The city has an official plan for meeting its long-term water needs. Under that plan, El Paso will begin importing water from Dell Valley – and from the city’s Wild Horse Ranch, near Van Horn, and Antelope Valley Ranch, near Valentine – in 2050. El Paso owns acreage at the Armstrong Farms at Salt Flat, but would have to acquire additional land or water rights in Dell Valley to obtain the quantities of water it seeks.
Constructing hundreds of miles of pipeline to transport water from Jeff Davis, Culberson and northeastern Hudspeth County to El Paso would cost hundreds of millions of dollars, and Balliew said EPWU wants to put that investment off as long as possible. Importing water from western Hudspeth County could help the city postpone the larger project, he said.
Water would only have to be transported about 20 miles from Turner’s Desert Haven property, and about 40 miles from the GLO land, to put it into the city’s water system, Balliew said. The Desert Haven property has the advantage of being at a higher location; water would not have to pumped up and over a mountain range to reach El Paso, as it would from Dell Valley, Van Horn or Valentine.
El Paso has historically relied on a groundwater resource called the Hueco Bolson, in the basin east of the Franklin Mountains, as its drought-proof water source. But scientists believe that pumping the bolson on an ongoing, intensive basis could cause the aquifer to become contaminated with salty and brackish water. During the last decade, El Paso Water Utilities has made a sustained effort both to reduce consumption through conservation and to diversify water sources – by building a desalination plant and acquiring water rights on the Rio Grande, among other measures.

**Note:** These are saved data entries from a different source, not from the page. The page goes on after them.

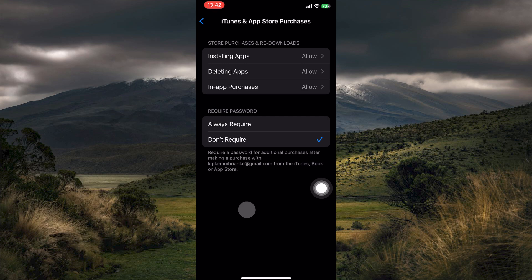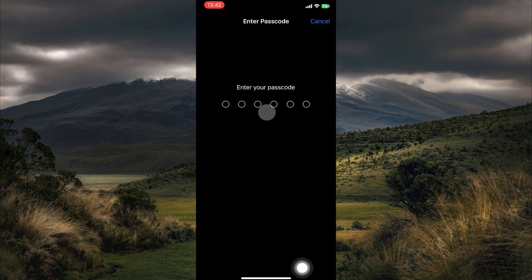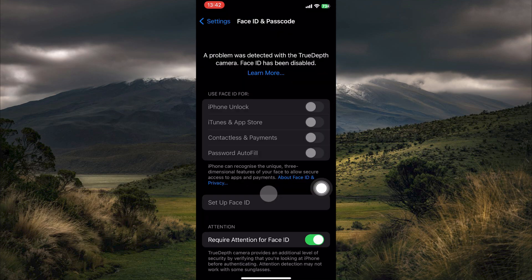Return to the main Settings menu and tap on Face ID and Passcode, or Touch ID and Passcode on devices without Face ID. Enter your passcode when prompted. In the Use Face ID or Touch ID for section, turn off the toggle for iTunes and App Store to disable Face ID or Touch ID verification for free app downloads.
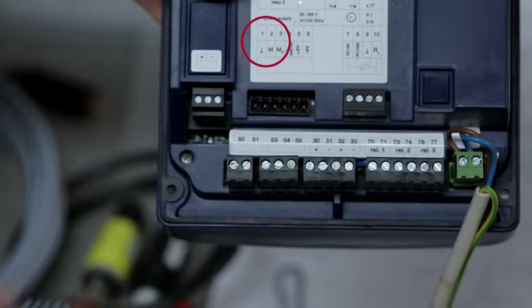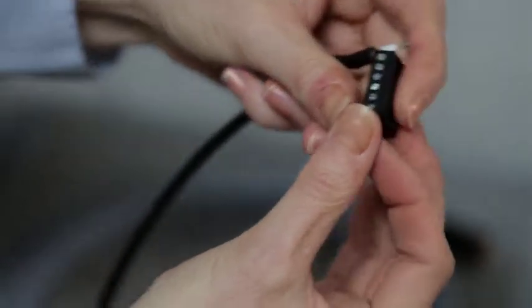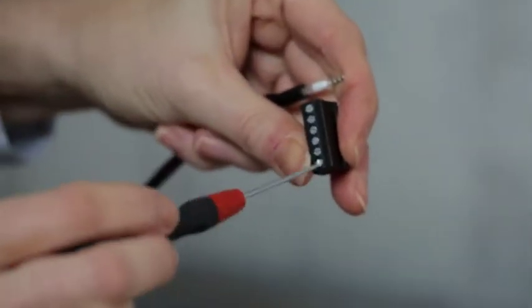Connect the pH sensor to terminals 1 and 2. The reference electrode, screen, is assigned to terminal 1.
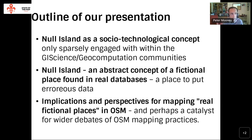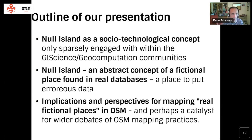Null Island is very well known in OpenStreetMap, but it's also more broadly known in the geospatial world as a socio-technological concept that is somewhat abstract, but has found its way into real databases that we all work with very frequently. In our presentation, we won't specifically dive very deeply into Null Island and its entire history in OpenStreetMap, but rather we would like to consider how Null Island and places and objects like it raise questions in OSM and indeed in other geospatial data provision spaces.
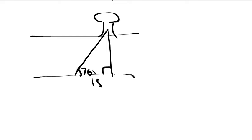You know, right here is 15 meters. And this angle here is 76 degrees. 76 degrees. So, we're looking for the width of the river.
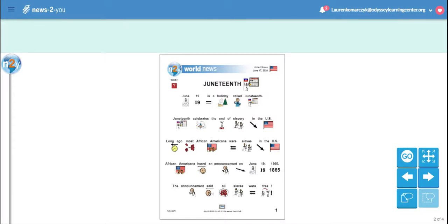Hello, 2A friends. Today, we're going to read a News-2-You breaking news story called Juneteenth.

With those water rights, El Paso has been able to obtain almost 60 percent of the water it needs each year from the Rio Grande. But during the last two years, drought on the river has been intense – in 2013, river levels were lower than at any time since the Rio Grande Project dams were completed, in the 1940s. In 2013, El Paso was only able to obtain about 10,000 acre-feet of water from the river, compared to about 60,000 acre-feet in 2008.
Because of drought on the river, EPWU has been forced to increase its reliance on the Hueco Bolson, a situation that Balliew said is likely not sustainable.
“Because of the ongoing drought on the Rio Grande, we have had to really ask some questions about the viability of our drought-proof water supply,” Balliew said. “The question is, How long can we keep up that higher level of pumping before we draw brackish water? It’s probably not long – probably not longer than another five years.”
Water planners are considering the possibility that drought on the river may be the new status quo. In the coming years, Hudspeth County groundwater could allow El Paso to “fill part of the gap,” Balliew said. Neither the Desert Haven nor the GLO properties are located within a groundwater district, so no local body could limit pumping by EPWU. If El Paso began to produce water from the GLO property, the city would pay a royalty to the agency, which helps fund K-12 public education in Texas.
The Hudspeth County groundwater sources EPWU is exploring are not far from areas where the Plano-based company Torchlight Energy hopes to open an expansive oil-and-gas development. If it follows through on the project, Torchlight is likely to use the technique of hydraulic fracturing, or fracking – which involves pumping large quantities of water or chemicals deep into the earth, and which critics say can lead to groundwater contamination.
Balliew said he is skeptical that large-scale fracking will occur on the Diablo Plateau in the coming years. And he said that while EPWU is mindful of the impact that oil-and-gas activity could have on the groundwater it targets, “there are plenty of places where fracking coexists with drinking water supply.”